How not to hire your first data scientist - gk1
https://medium.com/@mrogati/how-not-to-hire-your-first-data-scientist-34f0f56f81ae#.bhm4eqeif
======
arca_vorago
This is why I think my current goal of a pivot from 10+ year senior sysadmin
to data science (just starting up my BS in it) will make me an ideal data
scientist. I already understand the issues between devs, engineers and the
C-suite. I already understand the backend infrastructure and security setups,
and if they don't exist I understand how to set them up and what that
involves.

I also am hoping to avoid the scenario the article states in which the data
scientist has only learned how to work on academic data sets.

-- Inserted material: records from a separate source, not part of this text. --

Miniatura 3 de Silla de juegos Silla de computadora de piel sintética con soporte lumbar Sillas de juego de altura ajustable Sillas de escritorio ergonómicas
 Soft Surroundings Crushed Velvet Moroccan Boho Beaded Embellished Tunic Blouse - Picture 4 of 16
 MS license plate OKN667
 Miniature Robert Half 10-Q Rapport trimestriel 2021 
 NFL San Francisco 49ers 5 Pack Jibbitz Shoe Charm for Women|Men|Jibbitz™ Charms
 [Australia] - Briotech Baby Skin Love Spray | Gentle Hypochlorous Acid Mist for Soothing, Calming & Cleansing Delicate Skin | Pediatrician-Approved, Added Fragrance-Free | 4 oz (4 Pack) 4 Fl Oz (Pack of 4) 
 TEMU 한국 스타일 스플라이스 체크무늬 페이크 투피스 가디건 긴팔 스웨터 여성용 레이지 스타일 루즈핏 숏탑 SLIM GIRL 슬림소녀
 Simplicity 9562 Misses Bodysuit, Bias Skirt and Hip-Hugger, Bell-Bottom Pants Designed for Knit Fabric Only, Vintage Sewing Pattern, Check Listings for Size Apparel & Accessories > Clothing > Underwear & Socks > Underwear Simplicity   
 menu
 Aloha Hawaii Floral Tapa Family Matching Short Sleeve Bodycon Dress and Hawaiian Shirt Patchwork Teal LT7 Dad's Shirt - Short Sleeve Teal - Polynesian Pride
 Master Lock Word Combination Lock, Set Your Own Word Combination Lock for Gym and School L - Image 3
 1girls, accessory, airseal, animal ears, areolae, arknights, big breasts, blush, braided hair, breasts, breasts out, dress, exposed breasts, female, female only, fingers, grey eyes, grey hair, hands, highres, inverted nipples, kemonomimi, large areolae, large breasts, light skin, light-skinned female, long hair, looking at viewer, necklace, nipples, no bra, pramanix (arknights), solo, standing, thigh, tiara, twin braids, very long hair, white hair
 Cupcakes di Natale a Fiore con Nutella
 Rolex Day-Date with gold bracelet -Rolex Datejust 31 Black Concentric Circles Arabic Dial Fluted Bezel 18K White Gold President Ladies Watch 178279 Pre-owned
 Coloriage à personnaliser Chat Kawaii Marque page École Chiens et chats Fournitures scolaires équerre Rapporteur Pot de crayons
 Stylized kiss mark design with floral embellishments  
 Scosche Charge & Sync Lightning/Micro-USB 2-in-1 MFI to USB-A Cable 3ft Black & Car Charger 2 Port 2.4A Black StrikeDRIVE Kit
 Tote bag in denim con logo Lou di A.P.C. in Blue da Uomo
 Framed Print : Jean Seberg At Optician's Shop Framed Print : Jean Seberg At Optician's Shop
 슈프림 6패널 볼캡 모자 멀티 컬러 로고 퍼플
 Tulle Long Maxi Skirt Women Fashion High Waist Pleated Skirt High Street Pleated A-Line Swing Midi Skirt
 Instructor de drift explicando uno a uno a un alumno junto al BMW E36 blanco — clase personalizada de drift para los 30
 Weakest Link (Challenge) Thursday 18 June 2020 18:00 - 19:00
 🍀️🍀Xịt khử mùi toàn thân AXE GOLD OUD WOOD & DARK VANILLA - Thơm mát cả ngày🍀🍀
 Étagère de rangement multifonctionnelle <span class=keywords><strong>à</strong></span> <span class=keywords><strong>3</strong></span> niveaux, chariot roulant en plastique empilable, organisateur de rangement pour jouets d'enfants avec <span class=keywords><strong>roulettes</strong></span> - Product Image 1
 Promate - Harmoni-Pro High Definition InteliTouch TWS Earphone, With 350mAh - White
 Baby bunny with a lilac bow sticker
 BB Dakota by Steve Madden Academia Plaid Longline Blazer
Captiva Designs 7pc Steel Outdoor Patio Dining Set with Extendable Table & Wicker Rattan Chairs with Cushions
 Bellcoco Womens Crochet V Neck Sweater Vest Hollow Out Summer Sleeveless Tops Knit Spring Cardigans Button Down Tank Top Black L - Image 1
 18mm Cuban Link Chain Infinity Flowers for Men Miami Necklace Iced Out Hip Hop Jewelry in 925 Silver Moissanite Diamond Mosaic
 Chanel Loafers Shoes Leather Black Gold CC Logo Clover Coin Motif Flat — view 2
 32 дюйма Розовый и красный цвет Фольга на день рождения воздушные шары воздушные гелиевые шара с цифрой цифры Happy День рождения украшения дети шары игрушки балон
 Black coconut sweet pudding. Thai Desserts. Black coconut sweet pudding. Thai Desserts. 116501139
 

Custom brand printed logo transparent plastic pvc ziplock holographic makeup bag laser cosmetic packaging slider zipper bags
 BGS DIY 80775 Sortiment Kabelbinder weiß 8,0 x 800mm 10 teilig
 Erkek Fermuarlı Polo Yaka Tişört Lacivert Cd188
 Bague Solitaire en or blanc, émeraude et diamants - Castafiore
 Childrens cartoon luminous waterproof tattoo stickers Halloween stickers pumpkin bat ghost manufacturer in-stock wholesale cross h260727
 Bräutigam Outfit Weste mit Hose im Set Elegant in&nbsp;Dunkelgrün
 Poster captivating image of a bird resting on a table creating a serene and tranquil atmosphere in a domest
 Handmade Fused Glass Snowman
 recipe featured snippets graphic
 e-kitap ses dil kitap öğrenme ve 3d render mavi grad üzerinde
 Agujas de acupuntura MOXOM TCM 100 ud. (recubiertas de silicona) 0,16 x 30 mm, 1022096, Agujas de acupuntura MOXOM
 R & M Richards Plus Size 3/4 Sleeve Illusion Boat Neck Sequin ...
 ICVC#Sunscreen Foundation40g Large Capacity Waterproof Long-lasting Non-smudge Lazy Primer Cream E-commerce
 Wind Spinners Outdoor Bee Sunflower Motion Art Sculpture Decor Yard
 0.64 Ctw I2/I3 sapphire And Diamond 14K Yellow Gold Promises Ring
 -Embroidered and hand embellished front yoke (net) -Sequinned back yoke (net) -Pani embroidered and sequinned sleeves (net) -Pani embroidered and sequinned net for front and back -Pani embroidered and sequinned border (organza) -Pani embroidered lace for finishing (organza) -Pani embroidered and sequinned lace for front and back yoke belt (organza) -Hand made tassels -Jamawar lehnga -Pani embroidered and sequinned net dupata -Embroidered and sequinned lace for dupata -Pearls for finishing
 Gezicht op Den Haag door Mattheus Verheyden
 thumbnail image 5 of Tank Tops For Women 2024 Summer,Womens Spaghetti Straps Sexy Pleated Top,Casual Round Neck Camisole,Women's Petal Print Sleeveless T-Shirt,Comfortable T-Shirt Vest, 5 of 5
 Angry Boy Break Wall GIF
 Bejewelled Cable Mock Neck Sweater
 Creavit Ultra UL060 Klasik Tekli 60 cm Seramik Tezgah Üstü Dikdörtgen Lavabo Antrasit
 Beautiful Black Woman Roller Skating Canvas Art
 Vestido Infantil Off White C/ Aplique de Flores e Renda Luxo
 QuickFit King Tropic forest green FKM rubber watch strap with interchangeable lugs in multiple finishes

That's not good
enough for me. I intend to work with real world data sets, and am currently
angling to focus on financial and political ones for maximum ROI to myself as
I learn.

Primarily though, I think it's a failure of CTO's/CIO's to fullfil the role of
mediator between the board room and C-level and the rest of the company. I've
seen it time and time again in IT. The guru who wants to fix problems is
stuck, out of their element, trying to convince the C's to go down path X.
It's a management issue. In the end, it seems to me that the end result of a
data scientist is to give the CTO/CIO the one paragraph summary that gives the
rest of the C's or the board the insight they need to advance the business
interests. I'm still learning though, so I may change my mind about that.